Assigned task:
Write out the following listing's lines from the one with "6051 SW 19th Pl — Photo 12" to the one with "Lululemon Just Pleat", exactly, with both included and no others.

*****

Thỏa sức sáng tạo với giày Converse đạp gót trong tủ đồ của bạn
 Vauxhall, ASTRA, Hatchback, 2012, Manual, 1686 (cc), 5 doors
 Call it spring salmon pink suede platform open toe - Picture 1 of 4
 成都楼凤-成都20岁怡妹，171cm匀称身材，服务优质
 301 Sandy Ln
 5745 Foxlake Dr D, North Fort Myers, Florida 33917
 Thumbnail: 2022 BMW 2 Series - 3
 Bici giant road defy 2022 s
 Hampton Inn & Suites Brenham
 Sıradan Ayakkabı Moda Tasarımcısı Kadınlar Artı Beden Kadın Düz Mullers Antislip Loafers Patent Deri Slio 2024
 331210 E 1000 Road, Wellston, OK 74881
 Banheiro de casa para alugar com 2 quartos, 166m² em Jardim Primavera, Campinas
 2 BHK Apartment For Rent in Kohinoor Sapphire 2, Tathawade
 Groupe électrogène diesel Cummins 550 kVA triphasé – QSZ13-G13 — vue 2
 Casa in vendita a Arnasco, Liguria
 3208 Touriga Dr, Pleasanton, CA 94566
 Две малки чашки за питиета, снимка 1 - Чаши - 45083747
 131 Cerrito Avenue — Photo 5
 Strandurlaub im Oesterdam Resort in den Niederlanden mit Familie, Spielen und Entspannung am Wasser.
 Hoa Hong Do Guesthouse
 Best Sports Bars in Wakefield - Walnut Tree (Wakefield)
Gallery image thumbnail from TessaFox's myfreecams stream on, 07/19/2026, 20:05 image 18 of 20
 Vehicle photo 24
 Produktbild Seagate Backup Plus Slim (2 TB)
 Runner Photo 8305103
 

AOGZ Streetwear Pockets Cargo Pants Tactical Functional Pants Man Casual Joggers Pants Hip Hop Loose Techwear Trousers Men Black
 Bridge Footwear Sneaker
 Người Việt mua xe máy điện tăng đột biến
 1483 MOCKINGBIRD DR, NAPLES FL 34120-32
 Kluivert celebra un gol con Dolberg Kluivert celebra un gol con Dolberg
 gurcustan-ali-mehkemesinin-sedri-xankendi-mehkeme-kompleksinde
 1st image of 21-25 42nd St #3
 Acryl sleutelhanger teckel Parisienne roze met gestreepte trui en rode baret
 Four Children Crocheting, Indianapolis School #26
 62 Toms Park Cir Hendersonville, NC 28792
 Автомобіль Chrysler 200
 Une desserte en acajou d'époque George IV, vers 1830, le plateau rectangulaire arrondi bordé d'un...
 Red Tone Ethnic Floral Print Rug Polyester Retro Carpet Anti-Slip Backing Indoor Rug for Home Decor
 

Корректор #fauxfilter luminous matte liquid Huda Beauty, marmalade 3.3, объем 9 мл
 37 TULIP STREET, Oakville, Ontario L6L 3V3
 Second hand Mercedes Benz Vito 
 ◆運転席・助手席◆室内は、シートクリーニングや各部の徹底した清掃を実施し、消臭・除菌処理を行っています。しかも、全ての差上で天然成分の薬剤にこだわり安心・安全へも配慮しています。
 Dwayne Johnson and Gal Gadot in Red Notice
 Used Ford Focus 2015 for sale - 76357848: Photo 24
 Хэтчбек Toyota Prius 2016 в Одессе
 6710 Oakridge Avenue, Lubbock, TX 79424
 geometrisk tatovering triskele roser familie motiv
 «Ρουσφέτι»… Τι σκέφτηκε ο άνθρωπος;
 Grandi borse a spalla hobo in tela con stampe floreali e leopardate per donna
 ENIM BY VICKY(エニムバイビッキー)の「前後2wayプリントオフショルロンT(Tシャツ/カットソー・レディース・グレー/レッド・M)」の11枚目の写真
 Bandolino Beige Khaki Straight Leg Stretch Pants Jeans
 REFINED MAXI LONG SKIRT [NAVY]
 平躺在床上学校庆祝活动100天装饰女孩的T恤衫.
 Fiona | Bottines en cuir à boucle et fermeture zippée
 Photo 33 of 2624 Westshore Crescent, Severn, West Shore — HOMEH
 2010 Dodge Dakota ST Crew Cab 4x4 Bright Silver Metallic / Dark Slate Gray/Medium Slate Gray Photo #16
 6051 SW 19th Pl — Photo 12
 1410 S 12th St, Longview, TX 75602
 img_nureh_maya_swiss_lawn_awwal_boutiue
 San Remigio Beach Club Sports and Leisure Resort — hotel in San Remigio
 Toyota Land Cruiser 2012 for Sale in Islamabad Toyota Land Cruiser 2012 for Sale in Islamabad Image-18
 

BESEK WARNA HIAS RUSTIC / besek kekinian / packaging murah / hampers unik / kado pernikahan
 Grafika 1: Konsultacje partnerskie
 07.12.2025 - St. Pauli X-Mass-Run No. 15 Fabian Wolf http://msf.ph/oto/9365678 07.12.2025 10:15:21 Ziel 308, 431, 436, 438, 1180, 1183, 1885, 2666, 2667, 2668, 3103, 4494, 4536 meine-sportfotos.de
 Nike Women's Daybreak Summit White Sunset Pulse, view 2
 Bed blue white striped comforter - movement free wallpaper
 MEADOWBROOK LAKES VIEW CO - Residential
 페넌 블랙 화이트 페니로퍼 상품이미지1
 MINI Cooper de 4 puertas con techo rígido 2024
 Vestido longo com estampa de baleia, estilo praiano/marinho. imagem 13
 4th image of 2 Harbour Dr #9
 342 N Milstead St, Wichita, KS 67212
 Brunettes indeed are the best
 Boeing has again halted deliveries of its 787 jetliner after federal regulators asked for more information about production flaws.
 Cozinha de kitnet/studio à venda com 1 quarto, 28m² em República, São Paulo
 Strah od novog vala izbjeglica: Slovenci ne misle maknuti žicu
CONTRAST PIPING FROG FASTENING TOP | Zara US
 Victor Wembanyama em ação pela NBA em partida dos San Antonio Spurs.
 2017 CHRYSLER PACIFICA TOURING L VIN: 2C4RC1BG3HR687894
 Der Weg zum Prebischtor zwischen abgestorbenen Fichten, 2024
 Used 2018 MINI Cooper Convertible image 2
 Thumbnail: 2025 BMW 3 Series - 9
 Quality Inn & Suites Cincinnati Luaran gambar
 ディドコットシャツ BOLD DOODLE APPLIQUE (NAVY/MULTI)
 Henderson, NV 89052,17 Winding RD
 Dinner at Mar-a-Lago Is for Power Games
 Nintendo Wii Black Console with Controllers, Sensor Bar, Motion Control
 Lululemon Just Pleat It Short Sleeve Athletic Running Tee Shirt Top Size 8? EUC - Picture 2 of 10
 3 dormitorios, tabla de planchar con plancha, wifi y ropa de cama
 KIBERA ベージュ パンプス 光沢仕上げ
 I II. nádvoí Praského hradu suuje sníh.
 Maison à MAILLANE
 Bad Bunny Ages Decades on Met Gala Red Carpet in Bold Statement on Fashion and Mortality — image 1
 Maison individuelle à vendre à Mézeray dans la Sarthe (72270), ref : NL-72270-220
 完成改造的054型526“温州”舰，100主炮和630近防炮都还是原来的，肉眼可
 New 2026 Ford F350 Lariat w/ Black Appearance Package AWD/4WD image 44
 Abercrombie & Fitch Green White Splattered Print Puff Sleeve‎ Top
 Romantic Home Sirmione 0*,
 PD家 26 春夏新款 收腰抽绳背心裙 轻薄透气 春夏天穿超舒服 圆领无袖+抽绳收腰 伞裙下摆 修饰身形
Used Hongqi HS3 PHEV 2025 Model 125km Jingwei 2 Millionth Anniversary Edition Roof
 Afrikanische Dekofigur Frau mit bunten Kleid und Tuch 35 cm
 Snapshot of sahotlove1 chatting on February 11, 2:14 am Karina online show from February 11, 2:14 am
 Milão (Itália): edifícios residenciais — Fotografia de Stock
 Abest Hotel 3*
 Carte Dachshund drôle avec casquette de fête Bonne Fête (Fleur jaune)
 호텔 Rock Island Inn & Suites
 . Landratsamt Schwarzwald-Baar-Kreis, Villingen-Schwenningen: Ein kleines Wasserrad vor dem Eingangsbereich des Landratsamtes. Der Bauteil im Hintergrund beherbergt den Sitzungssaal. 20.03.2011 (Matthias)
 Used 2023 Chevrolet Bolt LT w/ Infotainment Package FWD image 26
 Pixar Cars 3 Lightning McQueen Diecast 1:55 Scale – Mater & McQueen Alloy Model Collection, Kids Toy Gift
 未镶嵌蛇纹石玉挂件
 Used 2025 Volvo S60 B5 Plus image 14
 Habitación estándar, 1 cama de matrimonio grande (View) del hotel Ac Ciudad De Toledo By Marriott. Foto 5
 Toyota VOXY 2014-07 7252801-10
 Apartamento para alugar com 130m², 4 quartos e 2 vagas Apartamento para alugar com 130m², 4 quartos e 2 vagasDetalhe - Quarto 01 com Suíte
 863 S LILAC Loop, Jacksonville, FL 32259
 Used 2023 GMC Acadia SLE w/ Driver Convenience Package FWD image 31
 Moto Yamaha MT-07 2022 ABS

*****

Answer for the task:
 6051 SW 19th Pl — Photo 12
 1410 S 12th St, Longview, TX 75602
 img_nureh_maya_swiss_lawn_awwal_boutiue
 San Remigio Beach Club Sports and Leisure Resort — hotel in San Remigio
 Toyota Land Cruiser 2012 for Sale in Islamabad Toyota Land Cruiser 2012 for Sale in Islamabad Image-18
 

BESEK WARNA HIAS RUSTIC / besek kekinian / packaging murah / hampers unik / kado pernikahan
 Grafika 1: Konsultacje partnerskie
 07.12.2025 - St. Pauli X-Mass-Run No. 15 Fabian Wolf http://msf.ph/oto/9365678 07.12.2025 10:15:21 Ziel 308, 431, 436, 438, 1180, 1183, 1885, 2666, 2667, 2668, 3103, 4494, 4536 meine-sportfotos.de
 Nike Women's Daybreak Summit White Sunset Pulse, view 2
 Bed blue white striped comforter - movement free wallpaper
 MEADOWBROOK LAKES VIEW CO - Residential
 페넌 블랙 화이트 페니로퍼 상품이미지1
 MINI Cooper de 4 puertas con techo rígido 2024
 Vestido longo com estampa de baleia, estilo praiano/marinho. imagem 13
 4th image of 2 Harbour Dr #9
 342 N Milstead St, Wichita, KS 67212
 Brunettes indeed are the best
 Boeing has again halted deliveries of its 787 jetliner after federal regulators asked for more information about production flaws.
 Cozinha de kitnet/studio à venda com 1 quarto, 28m² em República, São Paulo
 Strah od novog vala izbjeglica: Slovenci ne misle maknuti žicu
CONTRAST PIPING FROG FASTENING TOP | Zara US
 Victor Wembanyama em ação pela NBA em partida dos San Antonio Spurs.
 2017 CHRYSLER PACIFICA TOURING L VIN: 2C4RC1BG3HR687894
 Der Weg zum Prebischtor zwischen abgestorbenen Fichten, 2024
 Used 2018 MINI Cooper Convertible image 2
 Thumbnail: 2025 BMW 3 Series - 9
 Quality Inn & Suites Cincinnati Luaran gambar
 ディドコットシャツ BOLD DOODLE APPLIQUE (NAVY/MULTI)
 Henderson, NV 89052,17 Winding RD
 Dinner at Mar-a-Lago Is for Power Games
 Nintendo Wii Black Console with Controllers, Sensor Bar, Motion Control
 Lululemon Just Pleat It Short Sleeve Athletic Running Tee Shirt Top Size 8? EUC - Picture 2 of 10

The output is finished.